Einmal davon abgesehen, dass zum Zeitpunkt als die ersten Vorwürfe laut wurden, man noch gar nichts über die Motive des Schützen wusste (ja auch hier braucht es zuerst Fakten, Watson!), die auch jetzt erst langsam sich zu einem Bild zusammensetzen, sollte man mit solchen Schuldzuweisungen äusserst vorsichtig sein. Das grosse Problem ist uns nämlich sehr wohl von anderen sozialen Phänomenen (man denke zum Beispiel an die “Killerspiele” Debatte) her bekannt: Man kann im Einzelfall kaum eine direkte Kausalität herstellen. Dies wird zusätzlich erschwert durch die extreme Seltenheit solcher Ereignisse. Vielleicht erhöht eine beständig aggressivere Rhetorik im Abstrakten die Wahrscheinlichkeit, dass so etwas geschieht, aber der Täter könnte auch ohne diese in irgend einer dunklen Ecke des Internets oder am Stammtisch in der falschen Kneipe seine Inspiration geholt haben. Eine direkte Verbindung kann kaum hergestellt werden und falls doch, bleibt die Frage, warum die meisten anderen, ihre Sicherungen trotz des aggressiven Diskurs, intakt halten konnten.

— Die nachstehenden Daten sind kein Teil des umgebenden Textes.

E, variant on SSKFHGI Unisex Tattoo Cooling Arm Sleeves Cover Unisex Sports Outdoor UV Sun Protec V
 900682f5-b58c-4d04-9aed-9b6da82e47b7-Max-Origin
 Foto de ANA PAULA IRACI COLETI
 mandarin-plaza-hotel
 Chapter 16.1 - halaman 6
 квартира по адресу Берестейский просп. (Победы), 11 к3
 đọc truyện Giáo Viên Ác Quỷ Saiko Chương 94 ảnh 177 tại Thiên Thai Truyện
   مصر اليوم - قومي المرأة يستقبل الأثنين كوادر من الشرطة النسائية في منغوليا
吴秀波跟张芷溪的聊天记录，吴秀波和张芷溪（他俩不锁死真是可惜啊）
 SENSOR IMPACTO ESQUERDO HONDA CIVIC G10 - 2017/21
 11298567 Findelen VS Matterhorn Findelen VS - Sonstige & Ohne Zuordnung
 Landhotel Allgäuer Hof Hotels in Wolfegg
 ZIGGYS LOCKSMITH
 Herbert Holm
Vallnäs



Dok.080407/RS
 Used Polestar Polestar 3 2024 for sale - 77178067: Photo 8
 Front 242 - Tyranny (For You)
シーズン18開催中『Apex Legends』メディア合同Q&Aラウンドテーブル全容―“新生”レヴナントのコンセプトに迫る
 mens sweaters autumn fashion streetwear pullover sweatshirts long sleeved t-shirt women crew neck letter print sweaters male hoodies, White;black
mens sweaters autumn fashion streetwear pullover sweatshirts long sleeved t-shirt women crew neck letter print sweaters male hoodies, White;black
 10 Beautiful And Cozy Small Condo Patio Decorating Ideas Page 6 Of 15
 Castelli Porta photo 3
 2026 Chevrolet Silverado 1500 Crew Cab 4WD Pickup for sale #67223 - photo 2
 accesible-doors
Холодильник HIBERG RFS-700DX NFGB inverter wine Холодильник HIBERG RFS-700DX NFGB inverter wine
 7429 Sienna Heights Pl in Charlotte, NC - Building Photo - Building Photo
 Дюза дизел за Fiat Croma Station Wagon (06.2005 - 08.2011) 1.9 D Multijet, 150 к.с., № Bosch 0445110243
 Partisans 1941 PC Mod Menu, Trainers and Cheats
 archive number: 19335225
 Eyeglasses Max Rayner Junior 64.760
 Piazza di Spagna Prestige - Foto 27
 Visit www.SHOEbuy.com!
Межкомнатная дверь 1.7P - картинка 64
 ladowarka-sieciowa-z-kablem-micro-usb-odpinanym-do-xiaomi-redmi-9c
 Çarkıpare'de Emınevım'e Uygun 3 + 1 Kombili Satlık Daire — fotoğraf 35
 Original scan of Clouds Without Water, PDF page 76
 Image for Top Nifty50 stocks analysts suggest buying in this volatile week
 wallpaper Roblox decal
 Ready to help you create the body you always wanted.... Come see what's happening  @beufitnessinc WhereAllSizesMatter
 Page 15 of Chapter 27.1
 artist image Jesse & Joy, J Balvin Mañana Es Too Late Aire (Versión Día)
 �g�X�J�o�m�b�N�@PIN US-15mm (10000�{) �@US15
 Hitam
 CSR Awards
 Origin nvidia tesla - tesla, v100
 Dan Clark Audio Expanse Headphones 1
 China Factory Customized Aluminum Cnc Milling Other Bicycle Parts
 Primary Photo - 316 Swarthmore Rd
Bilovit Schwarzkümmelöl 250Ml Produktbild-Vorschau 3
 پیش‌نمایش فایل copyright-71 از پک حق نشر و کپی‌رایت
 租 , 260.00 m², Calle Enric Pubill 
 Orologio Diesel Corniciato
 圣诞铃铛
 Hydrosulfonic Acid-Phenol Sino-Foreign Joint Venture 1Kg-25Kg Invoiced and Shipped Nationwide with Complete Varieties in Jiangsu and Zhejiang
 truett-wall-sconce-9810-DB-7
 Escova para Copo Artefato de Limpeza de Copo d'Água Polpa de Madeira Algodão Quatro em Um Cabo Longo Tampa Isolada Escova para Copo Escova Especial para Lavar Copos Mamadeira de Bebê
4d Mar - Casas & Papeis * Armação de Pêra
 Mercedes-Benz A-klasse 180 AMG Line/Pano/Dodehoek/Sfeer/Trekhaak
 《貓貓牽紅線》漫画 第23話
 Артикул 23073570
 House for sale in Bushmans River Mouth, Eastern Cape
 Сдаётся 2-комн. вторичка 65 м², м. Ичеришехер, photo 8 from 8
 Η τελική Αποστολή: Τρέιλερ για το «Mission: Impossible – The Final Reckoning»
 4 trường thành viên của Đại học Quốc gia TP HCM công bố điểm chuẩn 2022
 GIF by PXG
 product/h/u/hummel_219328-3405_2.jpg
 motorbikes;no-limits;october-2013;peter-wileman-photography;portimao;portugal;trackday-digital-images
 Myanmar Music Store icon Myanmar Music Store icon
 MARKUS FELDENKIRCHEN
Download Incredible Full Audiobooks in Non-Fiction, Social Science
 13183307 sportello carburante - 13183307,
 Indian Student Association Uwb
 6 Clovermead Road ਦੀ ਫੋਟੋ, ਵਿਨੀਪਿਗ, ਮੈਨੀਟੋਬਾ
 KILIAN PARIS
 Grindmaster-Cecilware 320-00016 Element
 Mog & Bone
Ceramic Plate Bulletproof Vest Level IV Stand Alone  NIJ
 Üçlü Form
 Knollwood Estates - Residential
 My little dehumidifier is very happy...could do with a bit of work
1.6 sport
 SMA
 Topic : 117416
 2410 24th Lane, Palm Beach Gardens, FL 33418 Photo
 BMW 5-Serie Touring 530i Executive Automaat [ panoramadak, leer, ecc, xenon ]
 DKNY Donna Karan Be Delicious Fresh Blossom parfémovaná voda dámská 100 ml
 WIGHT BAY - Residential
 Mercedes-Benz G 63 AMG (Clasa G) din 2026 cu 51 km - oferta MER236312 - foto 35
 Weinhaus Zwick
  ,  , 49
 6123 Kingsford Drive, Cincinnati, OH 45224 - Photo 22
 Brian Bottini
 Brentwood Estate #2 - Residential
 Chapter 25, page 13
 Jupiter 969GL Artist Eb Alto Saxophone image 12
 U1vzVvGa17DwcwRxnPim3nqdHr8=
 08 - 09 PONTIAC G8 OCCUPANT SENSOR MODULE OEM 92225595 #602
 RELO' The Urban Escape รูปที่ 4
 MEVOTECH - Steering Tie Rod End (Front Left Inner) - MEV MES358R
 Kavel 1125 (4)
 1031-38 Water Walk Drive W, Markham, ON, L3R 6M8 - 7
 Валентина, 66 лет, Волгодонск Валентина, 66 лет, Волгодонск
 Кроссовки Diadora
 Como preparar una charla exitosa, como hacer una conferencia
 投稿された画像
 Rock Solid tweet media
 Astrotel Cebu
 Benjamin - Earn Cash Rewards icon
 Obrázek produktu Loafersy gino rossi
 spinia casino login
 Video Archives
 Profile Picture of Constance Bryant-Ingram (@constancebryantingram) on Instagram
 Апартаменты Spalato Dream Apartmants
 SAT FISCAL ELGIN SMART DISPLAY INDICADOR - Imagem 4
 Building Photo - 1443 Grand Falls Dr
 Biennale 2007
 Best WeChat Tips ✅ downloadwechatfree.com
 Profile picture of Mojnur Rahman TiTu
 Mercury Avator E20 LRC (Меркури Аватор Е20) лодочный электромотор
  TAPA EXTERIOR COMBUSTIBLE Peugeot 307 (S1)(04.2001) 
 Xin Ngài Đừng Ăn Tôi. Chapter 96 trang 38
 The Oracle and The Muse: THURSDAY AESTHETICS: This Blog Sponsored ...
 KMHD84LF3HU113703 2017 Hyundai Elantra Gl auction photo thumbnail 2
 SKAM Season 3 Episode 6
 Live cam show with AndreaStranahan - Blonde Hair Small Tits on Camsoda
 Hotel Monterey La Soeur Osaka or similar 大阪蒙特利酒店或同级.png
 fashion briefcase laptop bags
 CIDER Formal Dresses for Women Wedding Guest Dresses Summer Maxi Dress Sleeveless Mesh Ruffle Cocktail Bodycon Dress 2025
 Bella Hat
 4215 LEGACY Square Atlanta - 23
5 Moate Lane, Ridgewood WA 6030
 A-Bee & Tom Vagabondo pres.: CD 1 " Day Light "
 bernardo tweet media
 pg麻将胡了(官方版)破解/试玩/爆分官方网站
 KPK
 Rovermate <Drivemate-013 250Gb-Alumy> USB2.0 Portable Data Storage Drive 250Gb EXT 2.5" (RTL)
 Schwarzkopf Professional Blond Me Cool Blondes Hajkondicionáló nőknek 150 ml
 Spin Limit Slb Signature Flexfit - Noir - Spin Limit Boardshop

Damit keine Missverständnisse aufkommen: Ich heisse eine solche Rhetorik keinesfalls gut und halte sie für das politische Klima für sehr schädlich. Gewalt lehne ich zudem grundsätzlich ab. Ich zweifle auch nicht daran, dass Personen wie Palin ihre politische Karriere zu weiten Teilen auf der Wut anderer aufbauen. Doch muss man, so wenig man auch einverstanden ist mit deren Programm, auch bei solchen Leuten den gleichen Massstab anlegen wie bei anderen Themen.
Ebenfalls aufgefallen ist mir, wie schnell man den mutmasslichen Schützen als “geistig verstört” und als mit “psychologischen Problemen behaftet” zu beschreiben anfing. Ich habe kaum Zweifel, dass fast alle, die plötzlich wild um sich schiessen, andere Menschen in die Luft sprengen oder sonstwie mehr oder weniger spontan Zivilisten morden, irgendwelche psychologische Probleme haben müssen. Dies gilt aber konsequenterweise auch für solche, die sich einen Sprengstoffgürtel umschnallen oder Flugzeuge in Wolkenkratzer fliegen. Dort wird diese mediale Diagnose interessanterweise weniger häufig gestellt oder zumindest so mein Eindruck. Vielleicht wird bei religiösen Fanatikern die Pathologie nicht als solche wahrgenommen, weil es sich um gesellschaftlich akzeptiertere Formen von Wahn handelt (schliesslich hat auch George Bush Stimmen gehört und diese als göttlich interpretiert).
Es ist zudem so eine Sache mit politischer Gewalt. Die Definition davon verschiebt sich schnell je nach Kontext, damit eine spezifische Tat einfacher in ein Weltbild eingepasst werden kann. Grundsätzlich sind wohl fast alle diese Taten (unabhängig vom Geisteszustand des Täters) als “politisch” einzustufen. Sind die Opfer doch gerade wegen ihrer öffentlichen politischen Rolle sichtbarer und werden genau deshalb als Ziele ausgesucht. Was die Motive anbelangt handelt es sich hingegen wohl nicht um ein Schwarz oder Weiss, mit dem kalten Ideologen auf der einen Seite und dem kranken, geistesgestörten auf der anderen. Meist vermischt sich beides und es ist schwer auszumachen wie gross der jeweilige Anteil ist. Dies gilt auch beim Thema Terrorismus.
P.S.: Ich habe eine Deadline für Mitte Februar und werde darum das Bloggen und Antworten in den Kommentaren etwas zurückschrauben müssen. Es werden auch häufiger Kommentare wie dieser anzutreffen sein die kommenden Wochen, da solche weniger arbeitsintensiv sind für mich. Danach verspreche ich dem Science in der url oben wieder mehr Rechnung zu tragen.